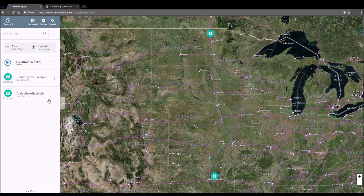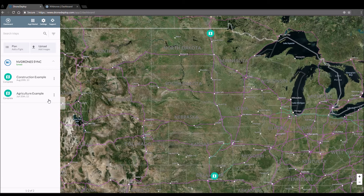Now any of the flight logs you've flown with Drone Deploy's ground control station will sync to Envy Drones, and your future flights with the Drone Deploy GCS will also sync with Envy Drones. You have to have flown with the DJI Drone Deploy app if you really want your flight logs to sync.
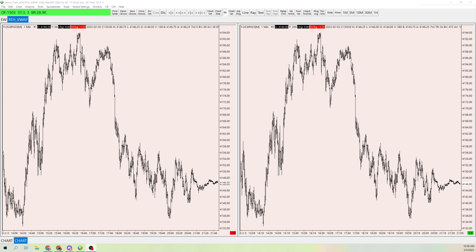Hey guys, I want to make a quick video on how to add the RTH VWAP, or regular trading hours VWAP. First, what you want to do is pull up two charts — one will be your normal chart, and the other will be the one where we pull the VWAP from. This will make sense a little bit later.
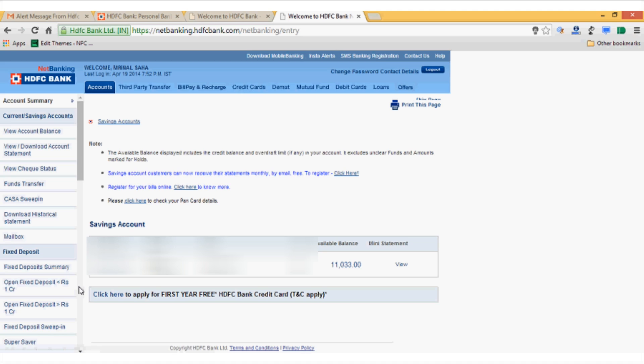And voila! As you can see, my account has been enabled once again with the same customer ID and password.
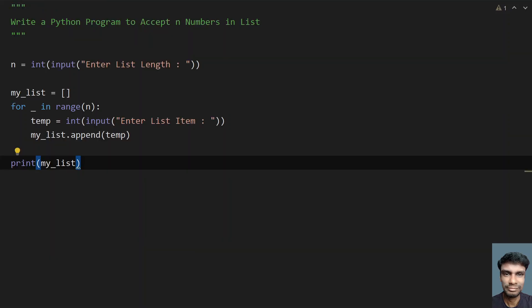This is the complete program to accept n numbers in a list and then print it. I will give the code in the description. That's it in this video. Hope you liked it. Thank you for watching. Bye.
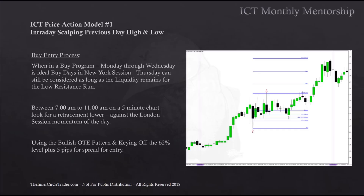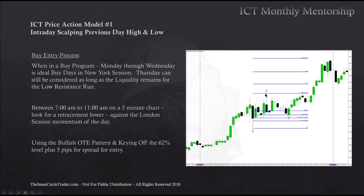You can see the example here: we have our low right after the 7am time period. The market makes an attempt to rally and then we start seeing a retracement. As soon as we start seeing a retracement, we run our Fibonacci across the range. The 62% retracement level is right here — plus 5 pips — putting us in around here. Price runs up, takes out the high, and continues to move higher.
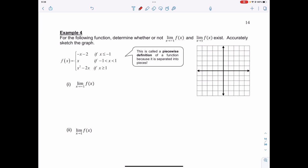For the following function, determine whether or not the limit as x approaches negative 1 of f(x) and the limit as x approaches 1 of f(x) actually exists. We need to accurately graph and sketch this function first, because we have a piecewise function.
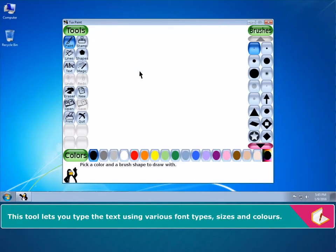The Text Tool. This tool lets you type the text using various font types, sizes and colors.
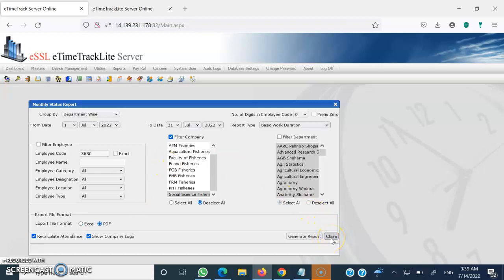I hope I was able to explain the leave entries and report generation, and that you have understood from this video. You will be using this biometric attendance system in an appropriate manner. Thanks a lot for patiently watching — thank you.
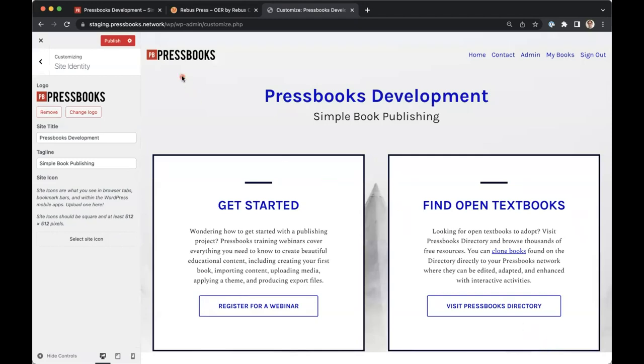You can also add a site icon, which displays in browser tabs and bookmark bars.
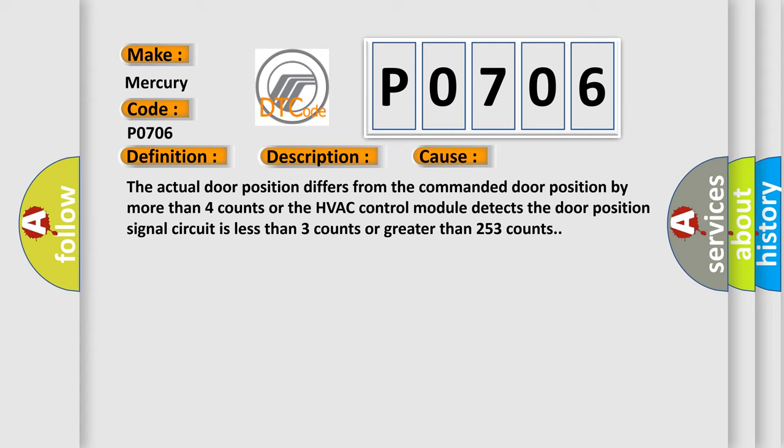The actual door position differs from the commanded door position by more than four counts, or the HVAC control module detects the door position signal circuit is less than three counts or greater than 253 counts.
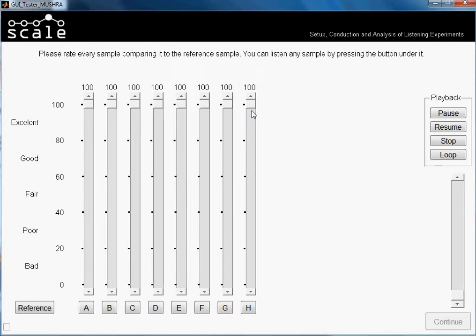Normally in the MUSHRA test, samples that have medium to high differences are compared — not samples with very small differences. The good thing about this test is that, apart from comparing one sample to a reference, we can compare more than one sample to each other at the same time.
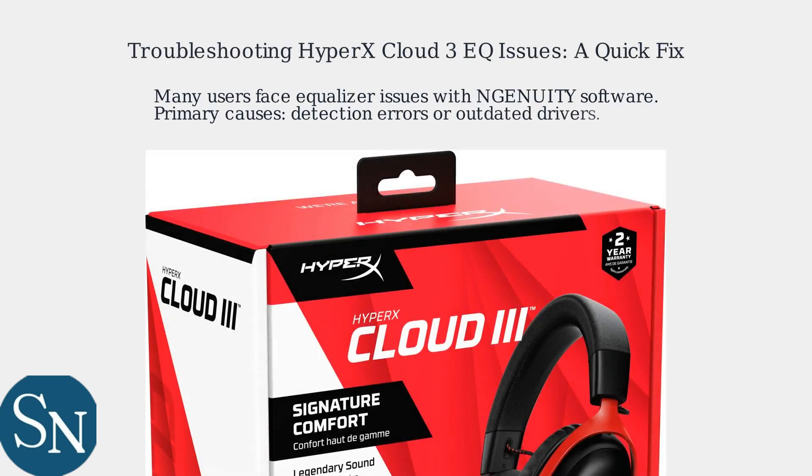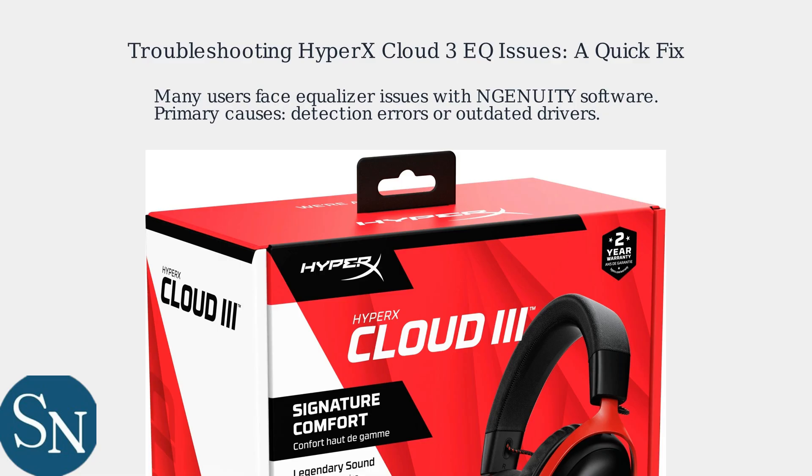Is your HyperX Cloud 3 equalizer not working? You're not alone. Many users face this with the NGENUITY software. The primary cause is often software detection errors or outdated drivers.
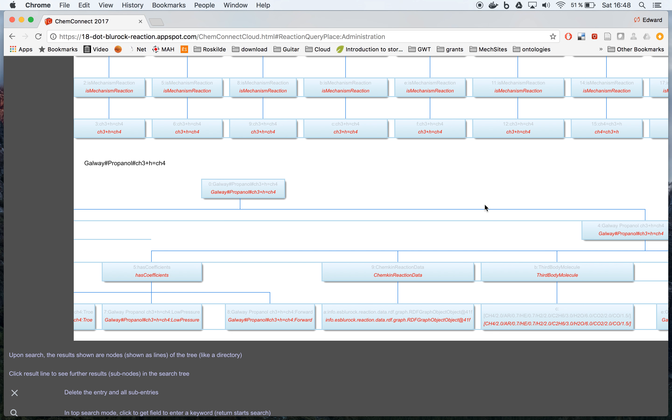And that ends our short demonstration of searching for a specific reaction.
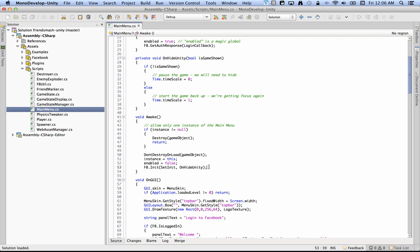There's four functions you need to know about: fb.init, fb.login, fb.feed, and fb.apprequest.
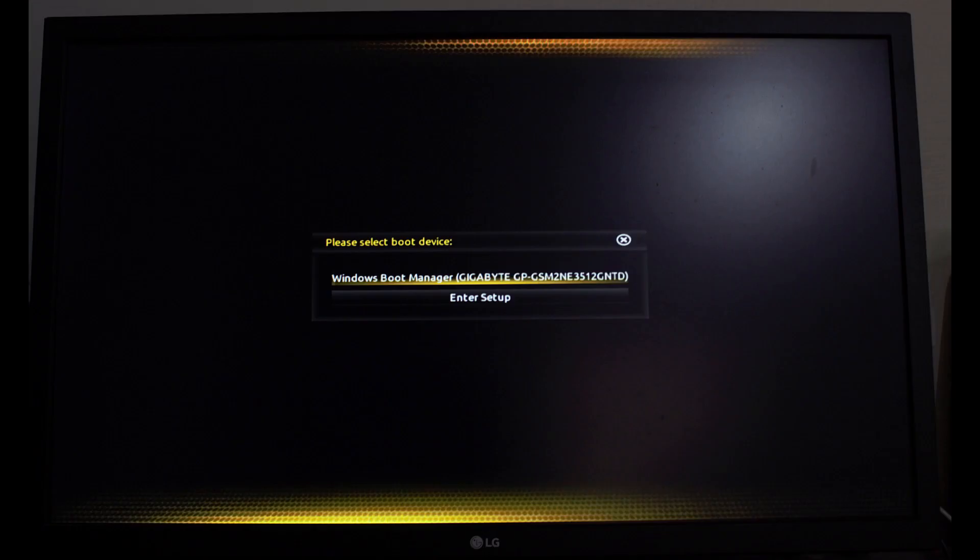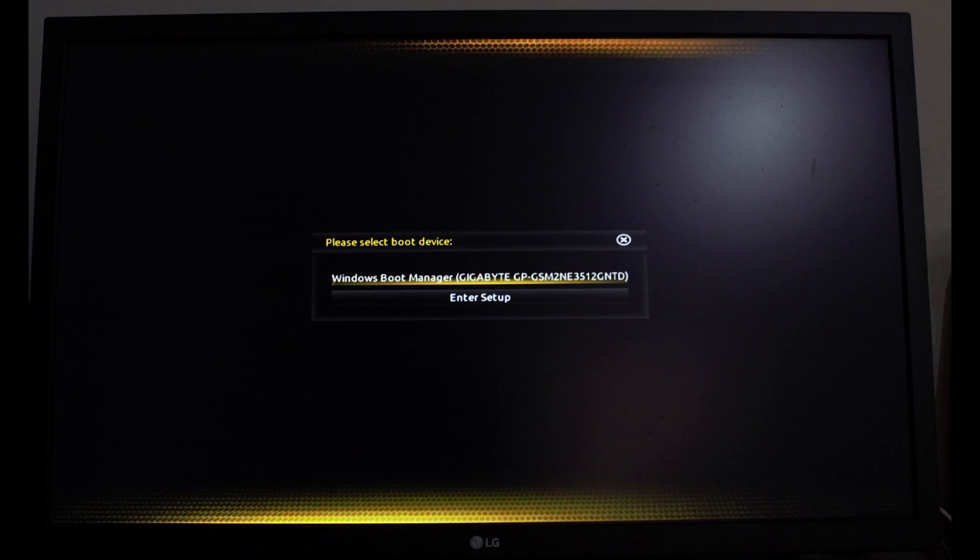Now go to BIOS. For that, restart your PC and on the boot menu press F12, then click Enter Setup.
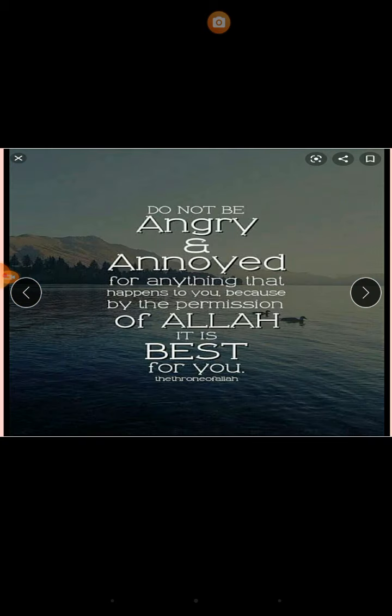Here is the moral lesson of Duray: Do not be angry and annoyed for anything that happens to you, because by the permission of Allah it is best for you. It means that everything happening in our life is good for us. We should not be annoyed with what we are getting in our life, so we should be thankful to Allah for everything in our life.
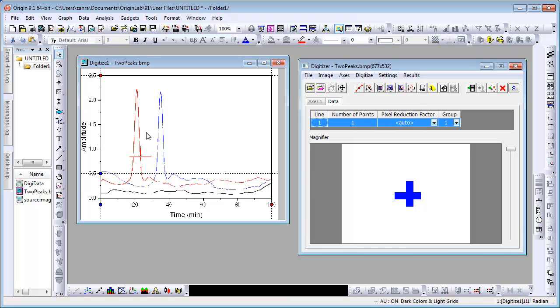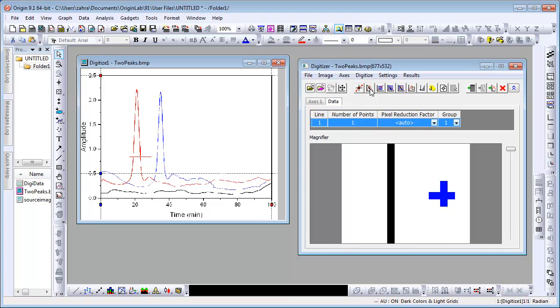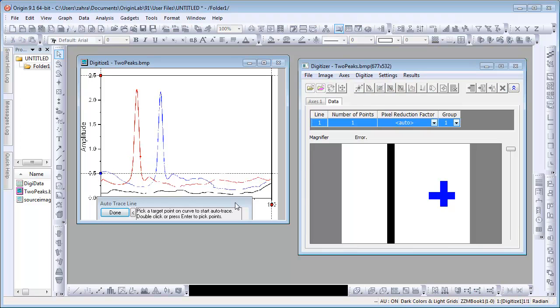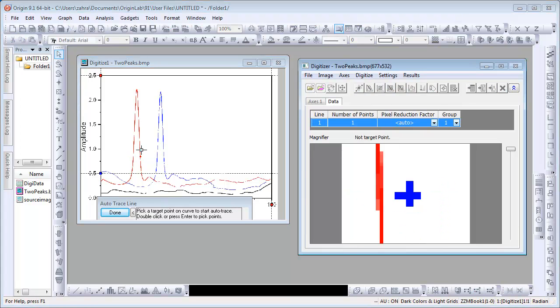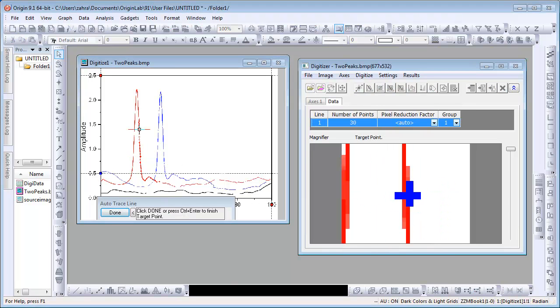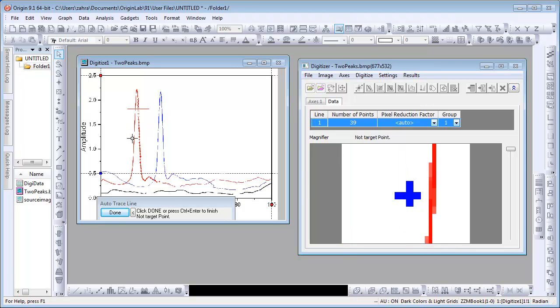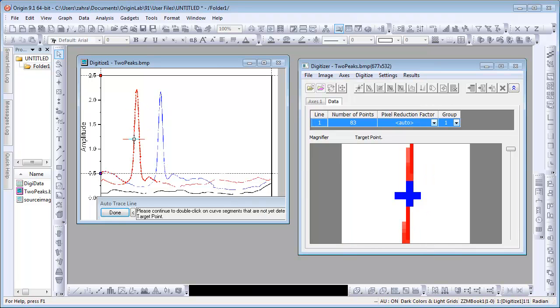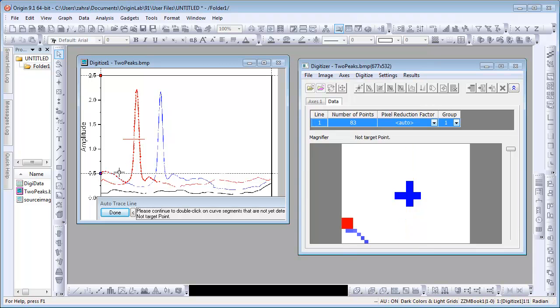You can use multiple ways to digitize one curve and we will now use the Auto-Trace by Line method to further digitize the red curve. Click on the button and select one point on the curve. Points will automatically be captured along the rest of the curve. Keep selecting points. As the digitizer cannot yet tell the difference between colors, points may be selected in the blue curve as well.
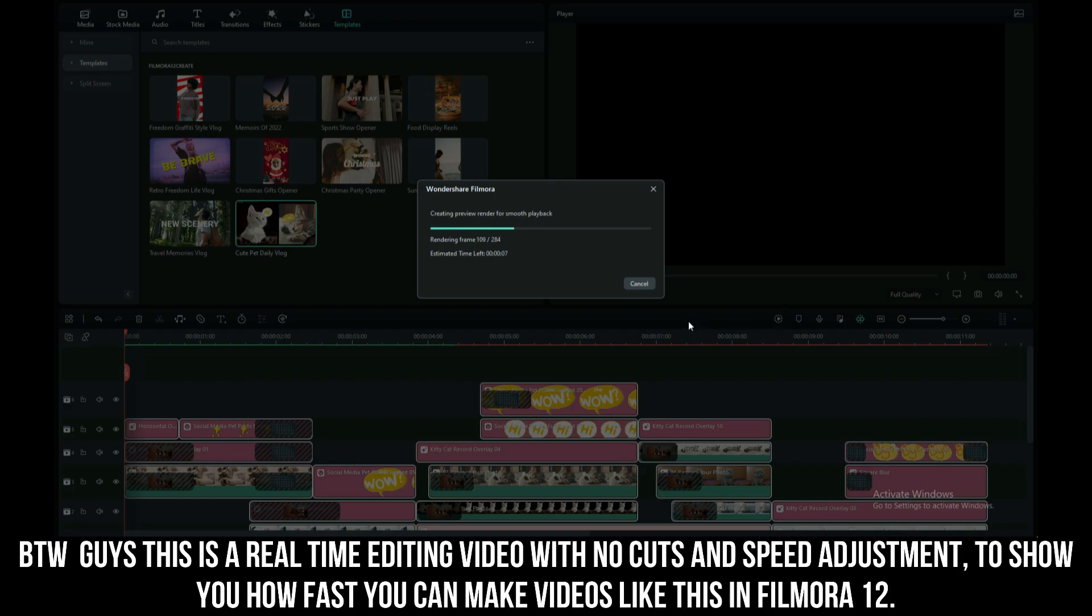By the way guys, this is a real-time editing video with no cuts and speed adjustment, to show you how fast you can make videos like this in Filmora 12.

----------

TASK OBJECTIVE
The line containing "The actual door" marks the end: transcribe every line from the start of the listing up to and including it, minus the pictures.

SOLUTION
Now any of the flight logs you've flown with Drone Deploy's ground control station will sync to Envy Drones, and your future flights with the Drone Deploy GCS will also sync with Envy Drones. You have to have flown with the DJI Drone Deploy app if you really want your flight logs to sync.
Hey guys, I want to make a quick video on how to add the RTH VWAP, or regular trading hours VWAP. First, what you want to do is pull up two charts — one will be your normal chart, and the other will be the one where we pull the VWAP from. This will make sense a little bit later.
And voila! As you can see, my account has been enabled once again with the same customer ID and password.
This is the complete program to accept n numbers in a list and then print it. I will give the code in the description. That's it in this video. Hope you liked it. Thank you for watching. Bye.
You can see the example here: we have our low right after the 7am time period. The market makes an attempt to rally and then we start seeing a retracement. As soon as we start seeing a retracement, we run our Fibonacci across the range. The 62% retracement level is right here — plus 5 pips — putting us in around here. Price runs up, takes out the high, and continues to move higher.
For the following function, determine whether or not the limit as x approaches negative 1 of f(x) and the limit as x approaches 1 of f(x) actually exists. We need to accurately graph and sketch this function first, because we have a piecewise function.
The Text Tool. This tool lets you type the text using various font types, sizes and colors.
I hope I was able to explain the leave entries and report generation, and that you have understood from this video. You will be using this biometric attendance system in an appropriate manner. Thanks a lot for patiently watching — thank you.
You can also add a site icon, which displays in browser tabs and bookmark bars.
The actual door position differs from the commanded door position by more than four counts, or the HVAC control module detects the door position signal circuit is less than three counts or greater than 253 counts.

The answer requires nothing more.